• _Exercise directions_: For the data below, retype word for word the lines from the one containing "China Co Rotating" through the one containing "Chanel Caviar Quilted"; drop the pictures.

──────────

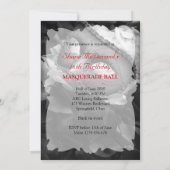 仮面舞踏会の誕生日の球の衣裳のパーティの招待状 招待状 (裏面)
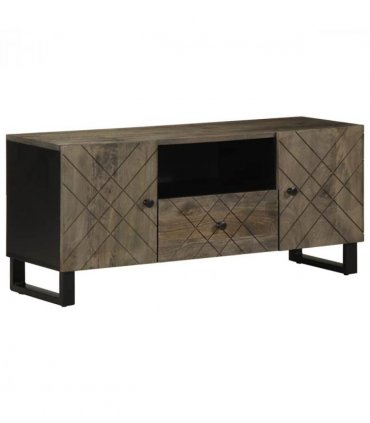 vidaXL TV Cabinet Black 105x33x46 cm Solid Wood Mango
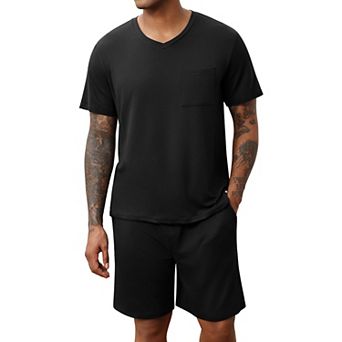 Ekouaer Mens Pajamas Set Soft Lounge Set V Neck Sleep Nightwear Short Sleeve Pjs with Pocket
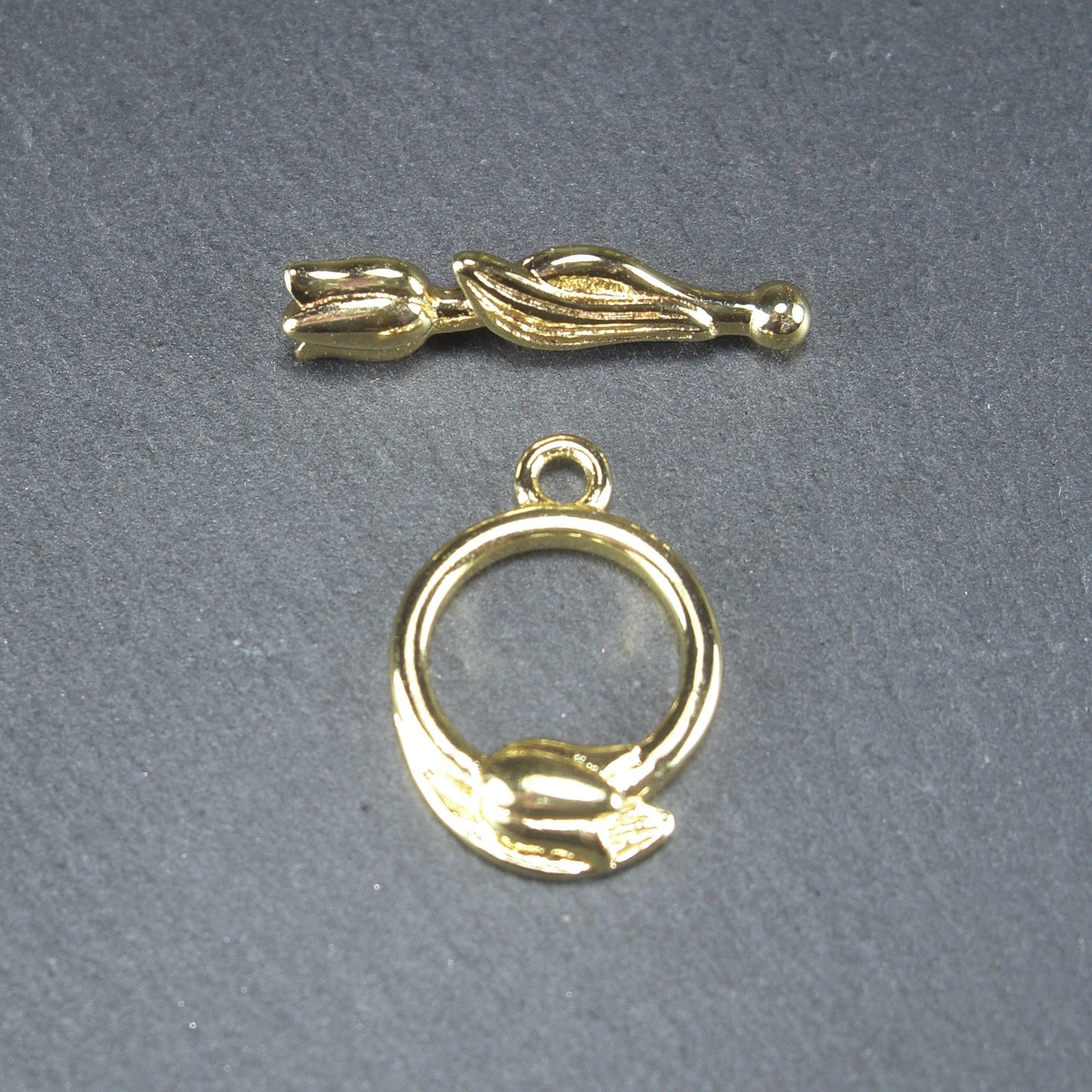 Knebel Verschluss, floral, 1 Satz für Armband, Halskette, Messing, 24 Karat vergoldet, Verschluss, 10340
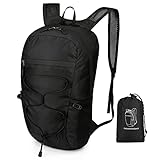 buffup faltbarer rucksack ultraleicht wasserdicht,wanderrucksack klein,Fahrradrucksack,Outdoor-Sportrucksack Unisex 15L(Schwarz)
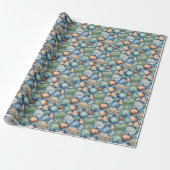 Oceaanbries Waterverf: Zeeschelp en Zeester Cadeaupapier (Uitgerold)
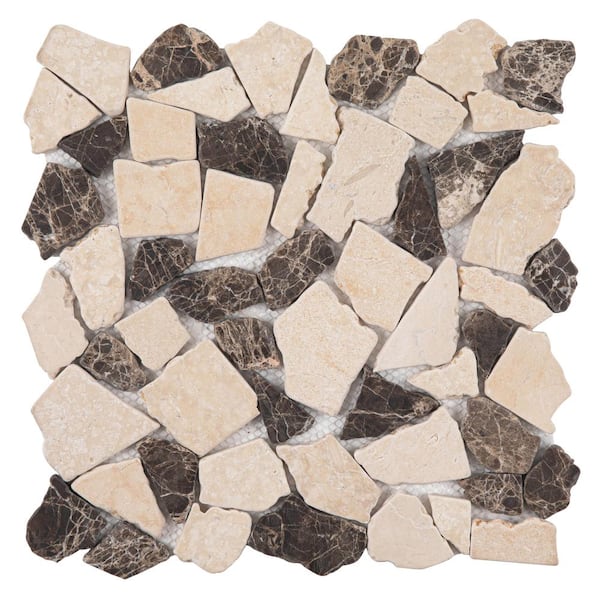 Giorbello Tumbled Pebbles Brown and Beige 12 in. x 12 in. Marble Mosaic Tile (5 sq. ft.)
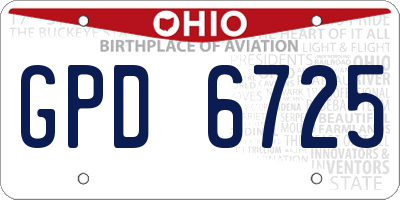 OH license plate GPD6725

──────────

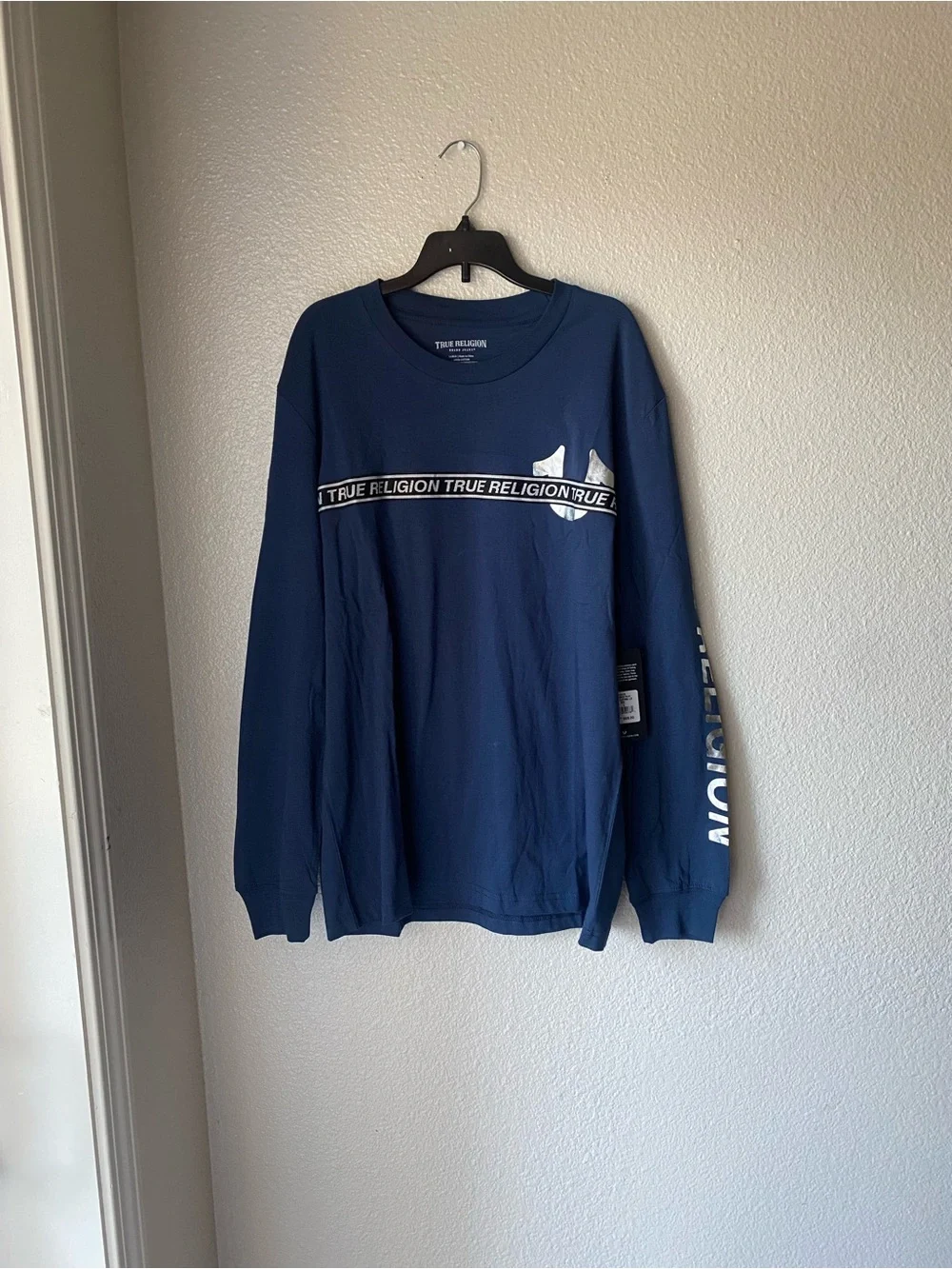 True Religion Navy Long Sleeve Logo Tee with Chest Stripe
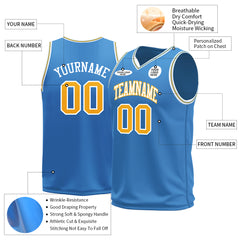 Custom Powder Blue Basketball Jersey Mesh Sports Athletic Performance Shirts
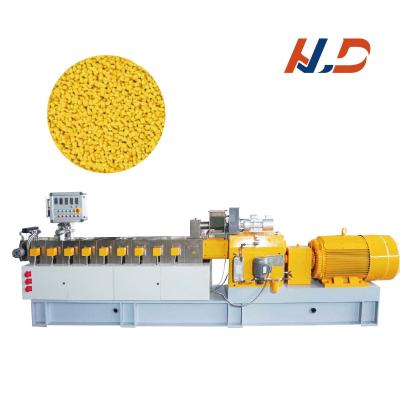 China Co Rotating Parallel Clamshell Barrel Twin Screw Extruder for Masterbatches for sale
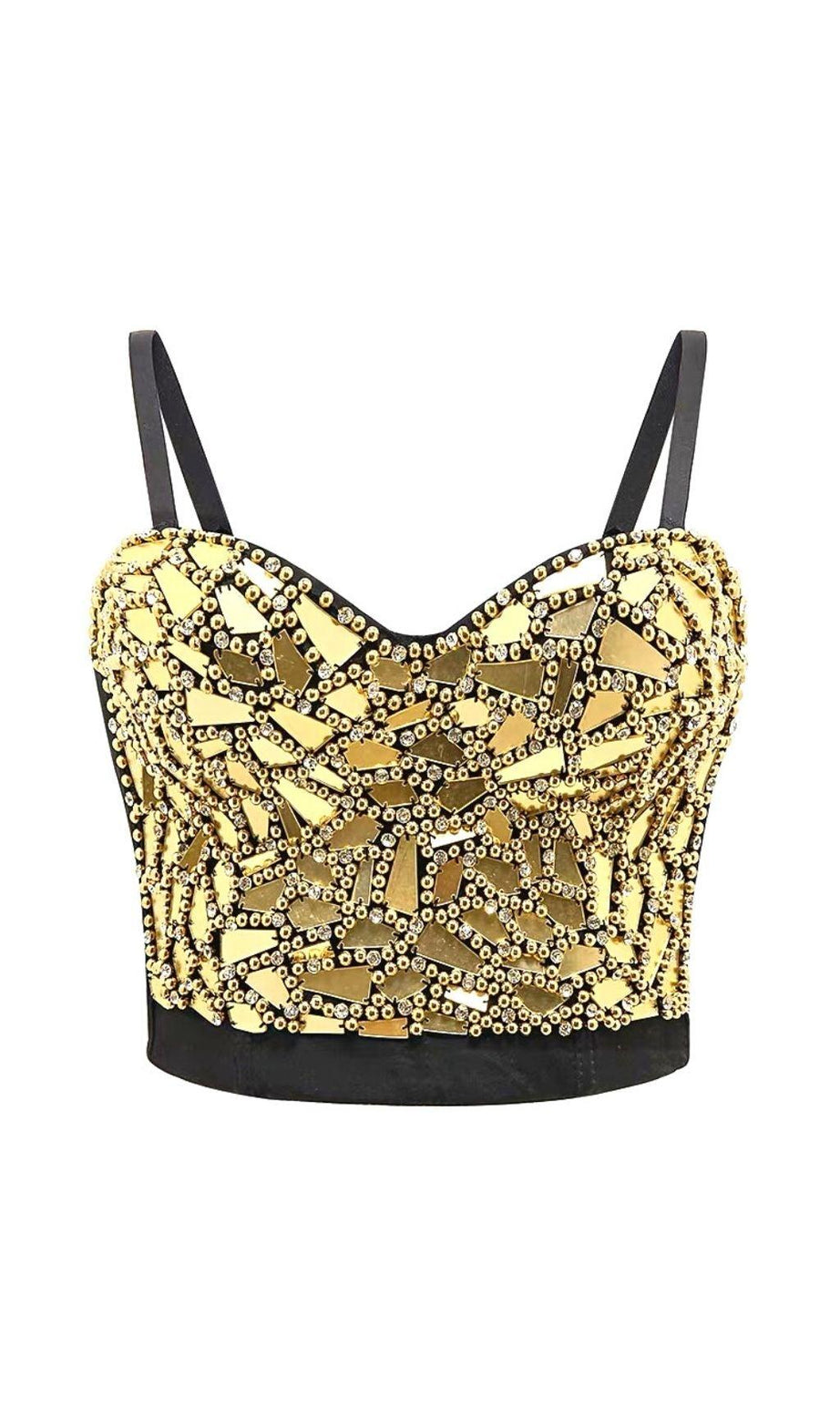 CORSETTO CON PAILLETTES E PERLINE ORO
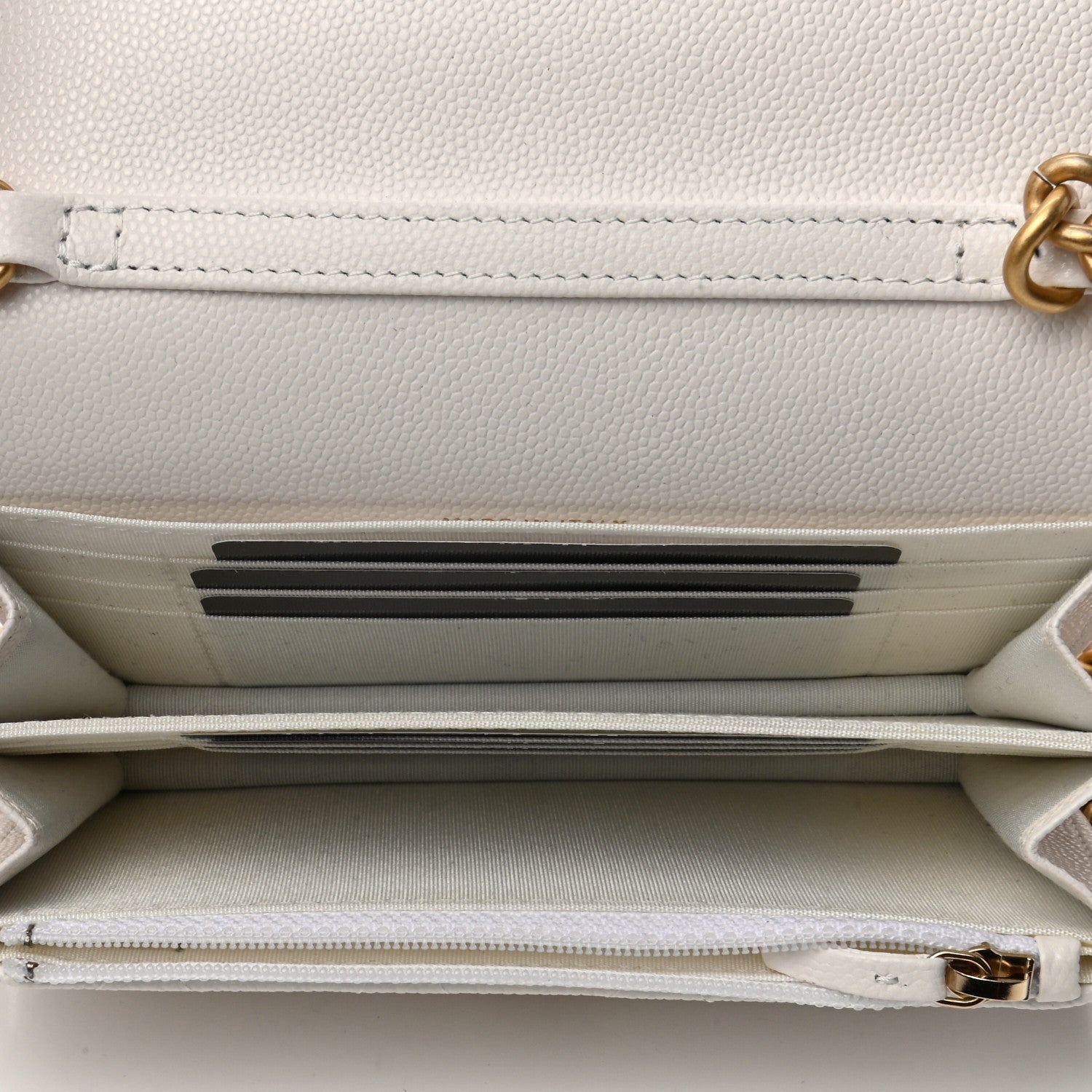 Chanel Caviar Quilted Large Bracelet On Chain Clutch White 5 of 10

──────────

• _Problem solution_:
 China Co Rotating Parallel Clamshell Barrel Twin Screw Extruder for Masterbatches for sale
 CORSETTO CON PAILLETTES E PERLINE ORO
 Chanel Caviar Quilted Large Bracelet On Chain Clutch White 5 of 10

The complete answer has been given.